Track precision and recall on a labeled sample. You do not need a huge set. A few hundred examples scored by a human go a long way. Count how often the extractor emits a correct triple, how often it misses an obvious one, and how often it strays. Review the worst offenders each week. Many errors repeat: wrong relation, swapped subject and object, or claims with no evidence span. Fix the root cause in prompts and filters, not only in post-processing.

Calibrate The Interpreter And Log Its Moves

For the question router, record the input, the generated query, the parameters, and the final answer. Add a confidence score based on simple signals: did the query compile, how many rows came back, how many edges were involved, and were citations found. Sample a set daily and review it. Tighten the schema card and add tiny examples only where the model trips. Short cards teach better than long essays.

Plan For Updates, Versioning, And Rollbacks

Data shifts. New documents arrive. Names change. Keep your pipeline versioned. Tag each batch with a run ID and tie it to the code and prompt versions used. If a batch harms quality, roll back by run ID and reprocess after a fix. This discipline saves time when a supplier changes a file format or a scraper starts returning odd text.

Watch Cost, Speed, And Failure Modes

Cache extraction outputs by chunk hash so you do not pay twice for identical text. Batch small chunks to cut overhead. Time each stage and keep a simple dashboard: chunks per minute, triples per chunk, rejection rate, average query latency, and error counts. When numbers drift, you will see it early.
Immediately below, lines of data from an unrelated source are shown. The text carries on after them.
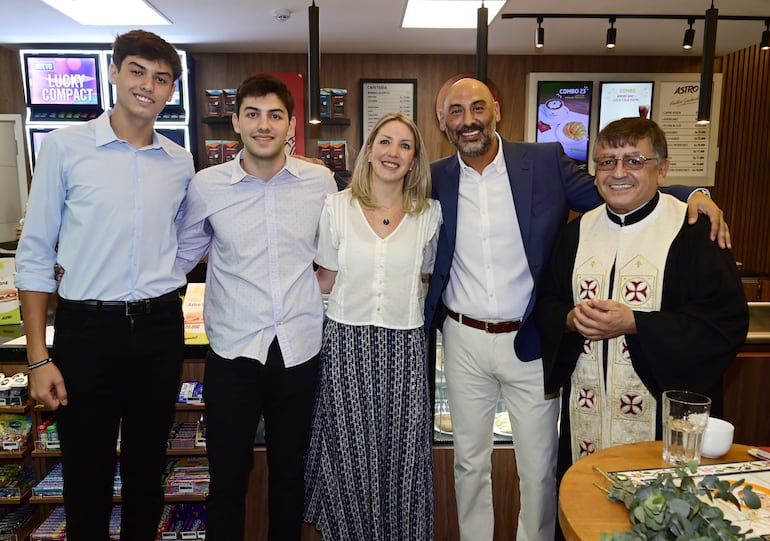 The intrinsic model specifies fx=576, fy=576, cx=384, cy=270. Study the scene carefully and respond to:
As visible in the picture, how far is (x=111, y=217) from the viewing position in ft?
5.99

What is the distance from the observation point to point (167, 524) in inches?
98.6

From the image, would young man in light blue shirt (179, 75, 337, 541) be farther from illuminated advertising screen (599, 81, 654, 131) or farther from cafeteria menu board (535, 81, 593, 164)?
illuminated advertising screen (599, 81, 654, 131)

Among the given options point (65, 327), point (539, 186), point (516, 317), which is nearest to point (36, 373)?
point (65, 327)

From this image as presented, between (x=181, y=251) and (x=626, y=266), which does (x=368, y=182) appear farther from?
(x=626, y=266)

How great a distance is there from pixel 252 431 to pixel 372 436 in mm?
420

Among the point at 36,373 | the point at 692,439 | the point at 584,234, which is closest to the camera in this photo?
the point at 692,439

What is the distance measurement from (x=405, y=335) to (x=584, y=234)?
0.70 meters

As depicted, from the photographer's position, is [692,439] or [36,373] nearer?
A: [692,439]

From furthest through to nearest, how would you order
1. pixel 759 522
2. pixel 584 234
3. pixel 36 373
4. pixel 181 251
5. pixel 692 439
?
pixel 181 251
pixel 584 234
pixel 36 373
pixel 692 439
pixel 759 522

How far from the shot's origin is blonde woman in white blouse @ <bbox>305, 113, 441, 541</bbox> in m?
2.01

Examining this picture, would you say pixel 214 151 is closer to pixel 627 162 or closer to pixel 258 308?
pixel 258 308

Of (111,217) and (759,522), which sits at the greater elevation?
(111,217)

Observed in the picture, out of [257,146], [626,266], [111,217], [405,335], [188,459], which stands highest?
[257,146]

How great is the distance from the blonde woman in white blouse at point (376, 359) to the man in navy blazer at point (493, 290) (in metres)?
0.15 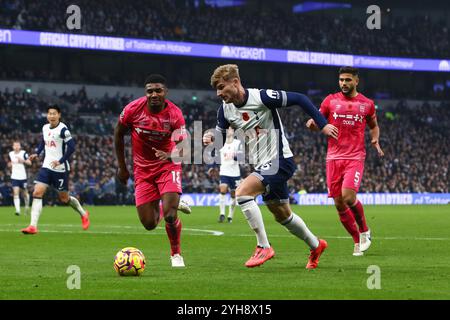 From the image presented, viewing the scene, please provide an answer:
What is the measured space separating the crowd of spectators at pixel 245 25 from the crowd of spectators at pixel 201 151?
4.08 meters

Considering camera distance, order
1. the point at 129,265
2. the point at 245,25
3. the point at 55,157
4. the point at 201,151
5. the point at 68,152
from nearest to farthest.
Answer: the point at 129,265, the point at 68,152, the point at 55,157, the point at 201,151, the point at 245,25

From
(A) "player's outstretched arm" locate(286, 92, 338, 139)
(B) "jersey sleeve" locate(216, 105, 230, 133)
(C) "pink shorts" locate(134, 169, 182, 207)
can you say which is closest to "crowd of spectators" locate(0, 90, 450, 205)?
(C) "pink shorts" locate(134, 169, 182, 207)

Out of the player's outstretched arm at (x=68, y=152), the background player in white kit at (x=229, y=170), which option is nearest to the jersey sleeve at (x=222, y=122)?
the player's outstretched arm at (x=68, y=152)

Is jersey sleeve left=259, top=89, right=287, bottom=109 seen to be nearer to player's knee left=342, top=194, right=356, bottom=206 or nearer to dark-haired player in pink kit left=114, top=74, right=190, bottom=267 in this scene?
dark-haired player in pink kit left=114, top=74, right=190, bottom=267

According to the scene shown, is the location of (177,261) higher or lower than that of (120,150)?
lower

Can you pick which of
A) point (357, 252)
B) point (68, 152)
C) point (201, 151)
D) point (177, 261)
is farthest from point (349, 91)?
point (201, 151)

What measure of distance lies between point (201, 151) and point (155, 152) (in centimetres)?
3123

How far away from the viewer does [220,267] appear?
11633 mm

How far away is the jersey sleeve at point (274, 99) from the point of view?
36.3 ft

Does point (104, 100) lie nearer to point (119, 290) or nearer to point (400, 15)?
point (400, 15)

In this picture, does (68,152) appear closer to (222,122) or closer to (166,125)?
(166,125)

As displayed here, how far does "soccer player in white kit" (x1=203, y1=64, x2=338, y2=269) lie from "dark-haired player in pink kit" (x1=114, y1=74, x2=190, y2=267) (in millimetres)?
798

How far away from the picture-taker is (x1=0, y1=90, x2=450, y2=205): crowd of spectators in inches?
1689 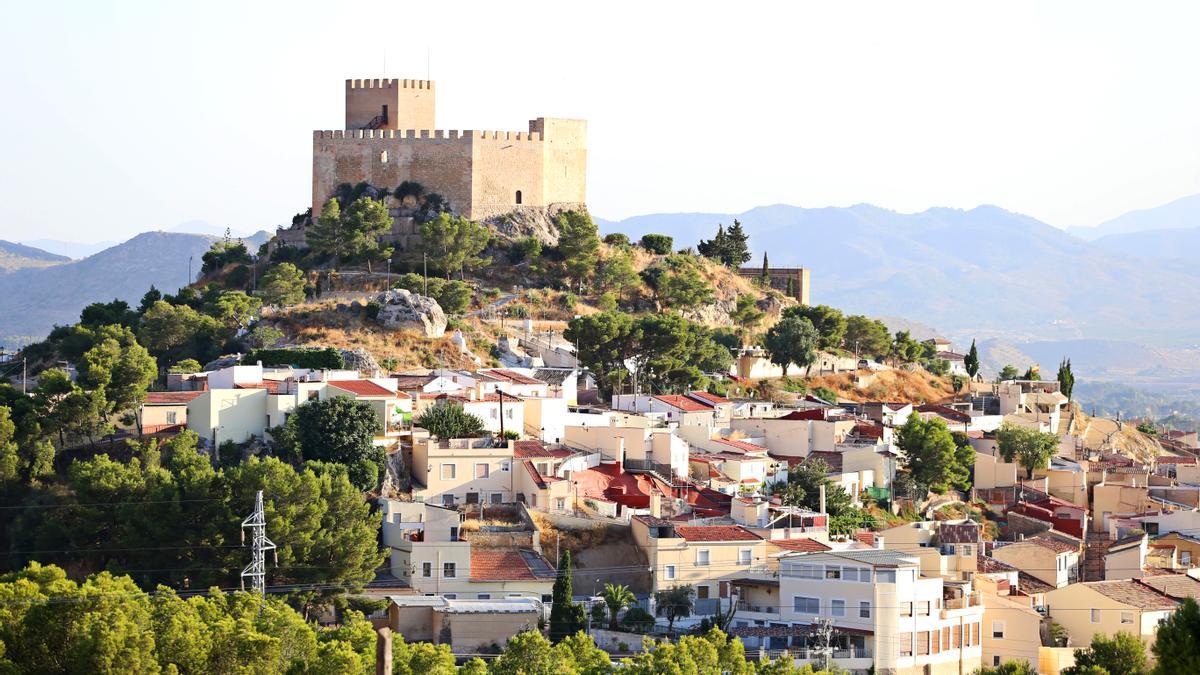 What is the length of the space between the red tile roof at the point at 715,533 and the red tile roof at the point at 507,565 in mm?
3014

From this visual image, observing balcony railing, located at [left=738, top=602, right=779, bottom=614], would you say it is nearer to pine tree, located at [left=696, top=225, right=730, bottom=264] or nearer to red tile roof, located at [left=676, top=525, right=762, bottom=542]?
red tile roof, located at [left=676, top=525, right=762, bottom=542]

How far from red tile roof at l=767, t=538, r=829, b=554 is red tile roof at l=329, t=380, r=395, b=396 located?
1093 centimetres

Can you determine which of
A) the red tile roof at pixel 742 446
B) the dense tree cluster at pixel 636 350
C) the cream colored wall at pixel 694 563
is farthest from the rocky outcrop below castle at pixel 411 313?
the cream colored wall at pixel 694 563

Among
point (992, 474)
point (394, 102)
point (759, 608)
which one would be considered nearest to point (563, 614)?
point (759, 608)

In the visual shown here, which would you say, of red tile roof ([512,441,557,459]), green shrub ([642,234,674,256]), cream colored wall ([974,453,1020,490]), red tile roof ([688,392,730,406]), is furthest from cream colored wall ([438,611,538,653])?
green shrub ([642,234,674,256])

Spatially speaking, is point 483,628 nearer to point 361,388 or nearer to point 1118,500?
point 361,388

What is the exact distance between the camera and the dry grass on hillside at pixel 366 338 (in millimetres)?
60375

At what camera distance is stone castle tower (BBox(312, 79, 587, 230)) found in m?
73.3

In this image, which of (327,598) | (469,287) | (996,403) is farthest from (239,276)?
(327,598)

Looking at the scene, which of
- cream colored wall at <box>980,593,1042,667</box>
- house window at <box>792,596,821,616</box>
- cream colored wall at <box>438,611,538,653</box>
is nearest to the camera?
cream colored wall at <box>438,611,538,653</box>

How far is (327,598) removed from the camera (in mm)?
39625

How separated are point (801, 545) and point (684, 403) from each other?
47.6 ft

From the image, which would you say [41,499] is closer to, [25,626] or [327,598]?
[327,598]

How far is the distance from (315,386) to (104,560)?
8363 mm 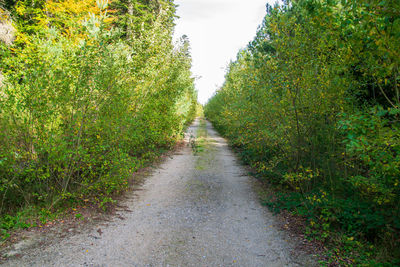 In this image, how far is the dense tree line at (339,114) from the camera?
111 inches

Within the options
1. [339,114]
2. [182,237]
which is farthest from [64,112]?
[339,114]

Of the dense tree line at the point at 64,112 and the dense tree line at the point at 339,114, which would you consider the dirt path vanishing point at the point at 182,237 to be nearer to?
the dense tree line at the point at 339,114

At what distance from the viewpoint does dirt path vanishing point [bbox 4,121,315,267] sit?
375 cm

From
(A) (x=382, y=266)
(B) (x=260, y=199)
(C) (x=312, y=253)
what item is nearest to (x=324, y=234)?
(C) (x=312, y=253)

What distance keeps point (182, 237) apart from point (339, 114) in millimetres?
3527

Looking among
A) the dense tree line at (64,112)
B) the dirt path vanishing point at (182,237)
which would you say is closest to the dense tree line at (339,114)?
the dirt path vanishing point at (182,237)

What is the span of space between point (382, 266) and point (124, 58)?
6.31 metres

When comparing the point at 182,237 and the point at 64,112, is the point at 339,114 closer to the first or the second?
the point at 182,237

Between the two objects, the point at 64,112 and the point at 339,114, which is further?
the point at 64,112

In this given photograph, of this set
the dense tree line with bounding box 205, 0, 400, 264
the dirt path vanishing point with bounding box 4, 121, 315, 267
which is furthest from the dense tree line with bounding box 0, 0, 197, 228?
the dense tree line with bounding box 205, 0, 400, 264

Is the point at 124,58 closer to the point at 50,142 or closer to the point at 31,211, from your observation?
the point at 50,142

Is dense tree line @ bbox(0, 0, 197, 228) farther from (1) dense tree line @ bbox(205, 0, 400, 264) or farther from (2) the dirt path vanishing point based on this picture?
(1) dense tree line @ bbox(205, 0, 400, 264)

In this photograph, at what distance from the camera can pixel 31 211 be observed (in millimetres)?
4809

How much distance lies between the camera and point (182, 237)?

Slow, quiet failures leave the graph stale and answers stale with it.

Avoid The Traps That Sink Many First Builds

Do not overspecify the schema on day one. Rigid models force hacks. Start lean and expand as questions grow. Do not accept relations that sound clever but carry no testable meaning. Plain verbs beat fancy labels. Do not hide provenance. If you cannot show where a claim came from, it will be hard to trust the result. And do not skip a human loop. A short, regular review beats a quarterly fire drill.

Conclusion

A small, well-scoped knowledge graph paired with a careful LLM pipeline can turn scattered text into connected facts and answerable questions. Keep the schema tight, the prompts strict, the filters simple, and the logs clear. With steady habits, your graph grows cleaner, your questions run faster, and your answers carry citations that make sense.